# Granton house hotel.



## mccallay (Oct 31, 2013)

Granton house was struck by lightning causing a huge fire in 1997, because this was an act of god the insurance company would not pay out!!! Now left to ruin.




Granton house by mccallay, on Flickr


Granton house by mccallay, on Flickr


Granton house by mccallay, on Flickr


Granton house by mccallay, on Flickr


Granton house by mccallay, on Flickr


Granton house by mccallay, on Flickr


Granton house by mccallay, on Flickr


----------



## KevOvo (Oct 31, 2013)

WOW! Great pics.

Looks like a spooky place.


----------



## UrbanX (Oct 31, 2013)

Like it, very peely! 
Great pics sir!


----------



## The Wombat (Oct 31, 2013)

Nicely captured there


----------



## flyboys90 (Nov 1, 2013)

What a shame looks like its been a cracking house,thanks for sharing.


----------



## southscotland (Jun 14, 2021)

Update on this one. We checked it out yesterday and it's in serious decay - not totally safe, very overgrown but still pretty cool. The roof seems to have collapsed in and taken all the floors with it. It's difficult to get a sense of the layout of the building now, but some of the smaller rooms have survived. It's all really unstable though, so we didn't risk heading into those smaller rooms. What I didn't get a picture of was I guess the fire escape down the side of the building - it's still there. Weirdest part was the casette player sitting on the steps to the porch - sadly no tape. My pictures aren't but you can see how much it's degraded since the last available pictures I could find (2014).


----------



## Hayman (Jun 15, 2021)

The steel beams are interesting - I take it not part of the original structure, since some cross window openings.


----------



## southscotland (Jun 15, 2021)

Hayman said:


> The steel beams are interesting - I take it not part of the original structure, since some cross window openings.
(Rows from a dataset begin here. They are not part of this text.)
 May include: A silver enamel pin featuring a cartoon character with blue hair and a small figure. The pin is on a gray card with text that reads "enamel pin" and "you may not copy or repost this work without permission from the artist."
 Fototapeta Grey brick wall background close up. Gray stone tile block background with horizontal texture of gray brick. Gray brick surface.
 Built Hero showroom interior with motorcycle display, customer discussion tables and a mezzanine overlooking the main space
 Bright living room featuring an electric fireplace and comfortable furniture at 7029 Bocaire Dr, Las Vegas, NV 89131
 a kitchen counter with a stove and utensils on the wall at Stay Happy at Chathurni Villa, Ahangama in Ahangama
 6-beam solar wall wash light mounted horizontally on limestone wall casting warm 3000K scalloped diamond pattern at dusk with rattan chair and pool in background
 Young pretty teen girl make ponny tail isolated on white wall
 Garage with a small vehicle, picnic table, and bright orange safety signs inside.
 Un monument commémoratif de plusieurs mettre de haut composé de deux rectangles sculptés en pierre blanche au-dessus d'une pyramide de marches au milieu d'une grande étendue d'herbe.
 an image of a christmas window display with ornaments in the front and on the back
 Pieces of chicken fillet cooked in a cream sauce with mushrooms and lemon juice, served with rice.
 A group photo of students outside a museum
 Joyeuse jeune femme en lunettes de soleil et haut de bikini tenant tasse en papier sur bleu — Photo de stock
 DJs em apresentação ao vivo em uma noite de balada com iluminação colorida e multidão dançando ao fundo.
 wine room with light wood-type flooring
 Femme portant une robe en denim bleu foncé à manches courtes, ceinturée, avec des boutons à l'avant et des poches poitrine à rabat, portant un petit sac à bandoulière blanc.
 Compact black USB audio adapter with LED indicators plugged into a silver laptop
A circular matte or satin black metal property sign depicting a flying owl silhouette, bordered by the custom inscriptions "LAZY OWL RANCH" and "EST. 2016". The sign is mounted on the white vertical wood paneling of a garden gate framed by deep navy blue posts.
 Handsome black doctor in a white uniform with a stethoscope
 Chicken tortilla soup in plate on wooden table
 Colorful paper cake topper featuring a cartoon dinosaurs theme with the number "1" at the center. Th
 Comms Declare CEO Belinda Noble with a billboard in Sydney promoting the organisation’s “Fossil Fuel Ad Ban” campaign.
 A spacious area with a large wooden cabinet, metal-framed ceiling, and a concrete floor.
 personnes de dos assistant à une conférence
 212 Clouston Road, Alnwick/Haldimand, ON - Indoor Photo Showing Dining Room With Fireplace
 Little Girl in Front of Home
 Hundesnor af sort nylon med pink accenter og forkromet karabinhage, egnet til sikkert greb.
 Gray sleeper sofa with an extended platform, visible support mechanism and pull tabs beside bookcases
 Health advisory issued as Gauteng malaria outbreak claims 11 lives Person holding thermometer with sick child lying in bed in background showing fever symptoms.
I wouldn’t have thought so - I know that there’s was initial action taken in 1999 to secure the building, and the walls were noted as ‘in danger of structural failure’ in 2011 so they’ll be relatively recent additions.


----------



## Hayman (Jun 16, 2021)

southscotland said:


> I wouldn’t have thought so - I know that there’s was initial action taken in 1999 to secure the building, and the walls were noted as ‘in danger of structural failure’ in 2011 so they’ll be relatively recent additions.


Thanks - my thought also. A pity nothing further has happened.


----------